Ascension - Homily 4

Homily 4 - 2014

All three magnificent readings today are unanimous: the community of disciples, the Church, is Christ still at work in the world – the body of Christ. It all sounds great. Yet, over recent years, a number of people I know cannot buy that any more. The clerical sexual abuse crisis has rattled their faith in the Church – what priests and religious child-abusers did, but also how bishops, and even Rome, handled the whole situation. A lot no longer come near Church; and many of those who continue to come feel shamed, betrayed, torn and confused, hurting and angry. I have felt all of the above … with the exception, perhaps, that I no longer feel confused.

But I do feel sad that so many, in their anger, have walked away – sad, because the Church, that is, all of us, needs their anger. Anger can be destructive – and that is no help. But anger also provides the indispensable motivation and energy to work for and to insist on the cultural and structural changes that are so necessary and overdue. Without it the Church will do nothing beyond damage control and window dressing.

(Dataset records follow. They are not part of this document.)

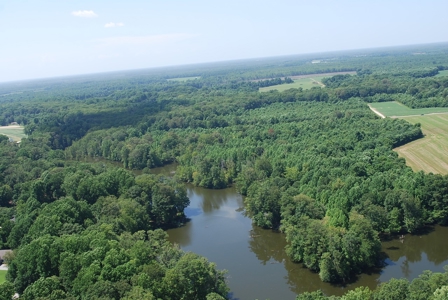 Waterfront land for Sale in Suffolk, VA - image 5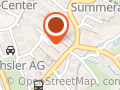 Ever Clean Business & Ever Clean Privat Reinigungsfirma Wetzikon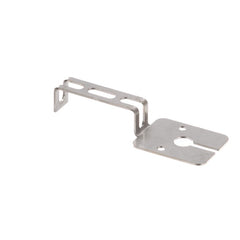 ALTO-SHAAM 1493 CONTROL BOARDS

That many people feel confused can surprisingly be providential. Confusion can be the spur to reexamine what we have previously taken for granted. For better or for worse, only when we feel confused and no longer in control do we confront the inadequacy of where we are, lose faith in our previous convictions and let go of them. Only then are we motivated to look more deeply – and to mature. As long as we remain satisfied with business as usual, we never grow up.

What I have had to discover and to come to terms with over the years is the reality of sin in the Church and in myself. None of us in the Church, from the Pope to the bishops, to us priests and religious, to yourselves is free from sin. Our rank or role or ministry in the Church is no fail-proof indicator of whether we are saint or sinner. To believe or to expect otherwise is to set ourselves up to be disillusioned. At every Mass, Pope Francis, Bishop Paul, along with you and me, say quite clearly in the hearing of everyone, Lord, I am not worthy that you should enter under my roof. It is true.

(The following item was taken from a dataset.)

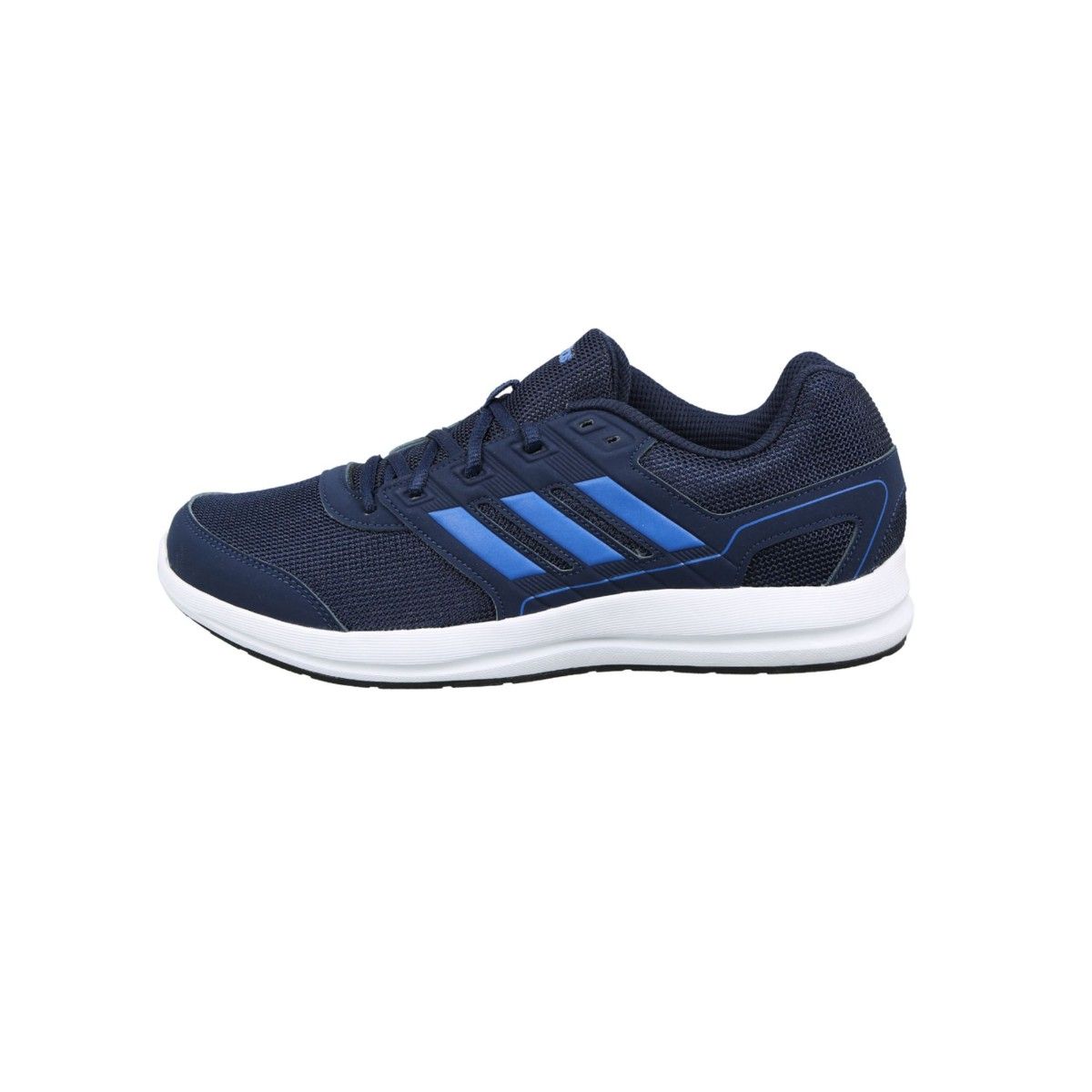 Adidas hellion clearance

That the Church is the Body of Christ does not mean that its members are sinless. The only worthwhile reason to be in the Church is because we are sinners. Hopefully, we are sinners on a journey of growth and ever-deepening conversion, enlightenment and liberation. But there is little likelihood that any one of us ever arrives.

Despite our indisputable sinfulness, we have been commissioned to tell the world that God loves the world, this sinful, cruel world that is constantly pulling itself apart. This God of Jesus looks at us always with compassion, fully aware of the aching holes and unhealed wounds buried deep in the psyches of us all that drive us to act destructively. God looks at us not to condemn but to set us free. Yet while commissioned to preach it, we struggle to believe it.

It would be such a better Church, such a better world … if we all stopped pretending and learnt to see ourselves and each other with the tender gaze of our compassionate God; … if we all stopped judging ourselves and each other and learnt instead to encourage and support each other in our struggles; … if we learnt to name sin as sin, in all its brutal destructiveness, yet know that every sin is forgivable. Forgiveness is a mystery that we never understand fully or achieve unaided.  Yet we can learn to open to the Spirit. We can hope to continue growing until we become free to receive the gift that is otherwise impossible for us – the mysterious exhilaration of whole-heartedly forgiving those who hurt us.

That is what the Spirit of Jesus wants to do in our world. The Spirit uses sinners to forgive sinners – simply because there is no one else whom the Spirit can use.